In de beginscène wordt de arme vijfde maagd voor onze ogen doodgeslagen en een paar naakte dames wassen zich met bloed van een offerdier. Allemaal overbodige details, die heel wat plezier in het kijken ontnemen. Jammer, want er is niets mooier dan, dankzij beelden, tekst en muziek, een wereld op zich te scheppen die zowel gemeenschappelijk als individueel kan worden ervaren.
De bezetting van Orest door Dietrich Fischer-Dieskau kan me niet echt bekoren, zijn manier van zingen is te beschaafd en zijn witte kostuum ronduit bespottelijk.
Maar genoeg geklaagd, want eigenlijk is het een fabelachtige uitvoering. Leonie Rysanek (toen al behoorlijk over de vijftig) is een fantastische Elektra, een rol die zij nooit op toneel had uitgevoerd. Jarenlang zong zij Chrysothemis, om daarna, in de jaren negentig Klytämnestra op haar repertoire te nemen. Zij is niet alleen maar wraakzuchtig, maar ook zeer zichtbaar eenzaam.
Astrid Varnay, ooit zelf een Elektra van formaat, zet een gekwelde Klytämnestra neer en in de scène met haar dochter laat zij een heel gamma aan gevoelens voorbijgaan. Ligendza is, ook optisch, een mooie meisjesachtige Chrysotemis.
Böhm dirigeert langzamer dan op zijn eerdere opnamen, breder ook, wat ook te maken kan hebben met zijn hoge leeftijd. Ten tijde van de verfilming was hij bijna 87 jaar oud en hij overleed voordat de film klaar was.
Er hoort nog een tweede dvd bij, met een ruim 90 minuten durende documentaire over ‘the making of’.
Angstaanjagend
De productie in 1989 in Wenen was meer dan bijzonder. De regie van Harry Kupfer was zeer aangrijpend en angstaanjagend. Al is hij zeer realistisch te werk gegaan, hij beperkt zich tot de aanwijzingen in het libretto.

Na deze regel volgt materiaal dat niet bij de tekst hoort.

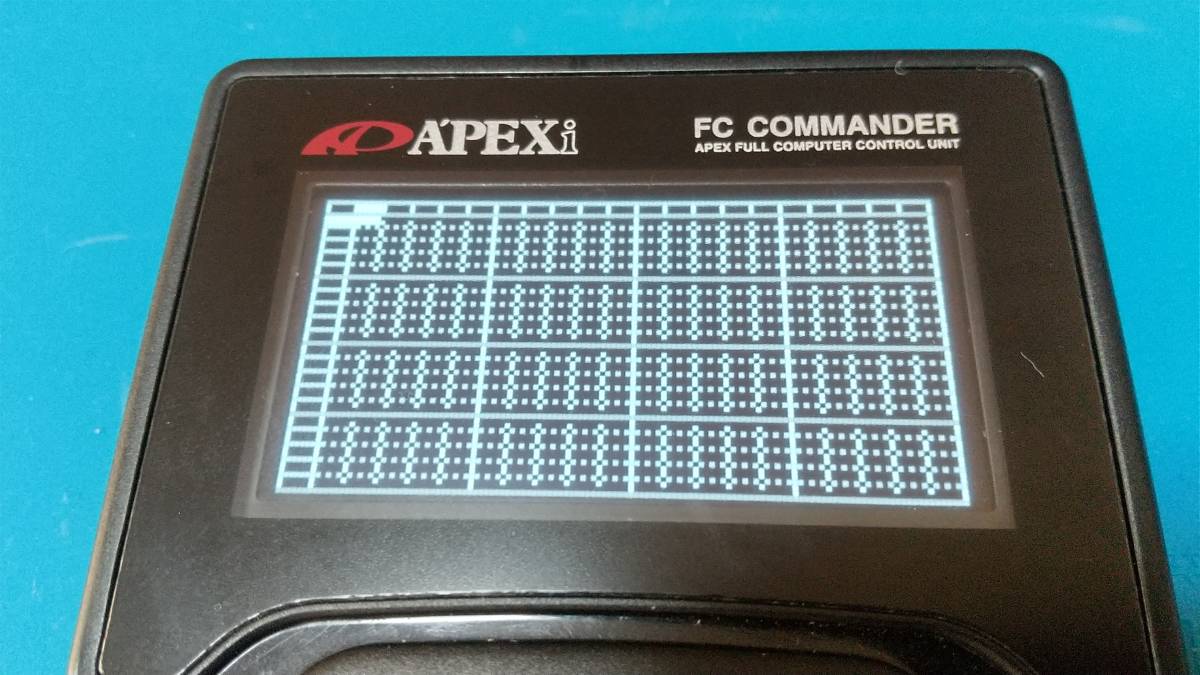 公式卸売り Apexi アペックス パワーFC用 有機EL版FCコマンダーの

Het geheel wordt gedomineerd door grijs in al zijn schakeringen en is bijzonder donker. De enige kleur in de voorstelling doemt op als Chrysotemis, bij haar hartenkreet dat zij wil leven en kinderen baren, haar blouse openscheurt en een rood onderhemdje zichtbaar maakt.
Eva Marton is fysiek de mindere van Rysanek, maar vocaal doet zij voor haar niet onder. Ook als actrice is zij buitengewoon overtuigend: ontroerend in haar verlangen naar haar vader, weerzinwekkend in haar minachting voor haar zus en angstaanjagend tijdens de confrontatie met haar moeder.
Cheryl Studer is een pracht van een Chrysothemis. Met haar ietwat zoetige, lyrische, maar toch nog bijzonder krachtige sopraan kan zij model staan voor een sterke karaktertekening. Haar Chrysotemis is een in het leven teleurgesteld meisje met een sterk verlangen naar ontsnappen, maar zonder de daadkracht om het ook te bewerkstelligen.
Fenomenaal is ook Brigitte Fassbänder in haar portrettering van de geesteszieke, door nachtmerries en schuldgevoelens geplaagde koningin. Zowel de moeder als haar beide dochters kunnen zo op de bank bij Freud. Over hysterische vrouwen gesproken!
Franz Grundheber is een voorbeeldige Orest en Abbado dirigeert met een intensiteit die grenst aan het onmogelijke.
Klankgordijn
Van alle Elektra’s die op cd zijn verschenen, is de Decca-opname onder Solti (4173452) mij het dierbaarst. Solti zweept het orkest op en de nerveuze partituur groeit onder zijn handen uit tot een klankgordijn waar geen ontkomen aan is.
Birgit Nilsson’s vertolking van de titelrol is voorbeeldgevend en Regina Resnik is een overweldigende Klytämnestra. Ook geweldig zijn Marie Collier (Chrysothemis) en Tom Krause als Orest.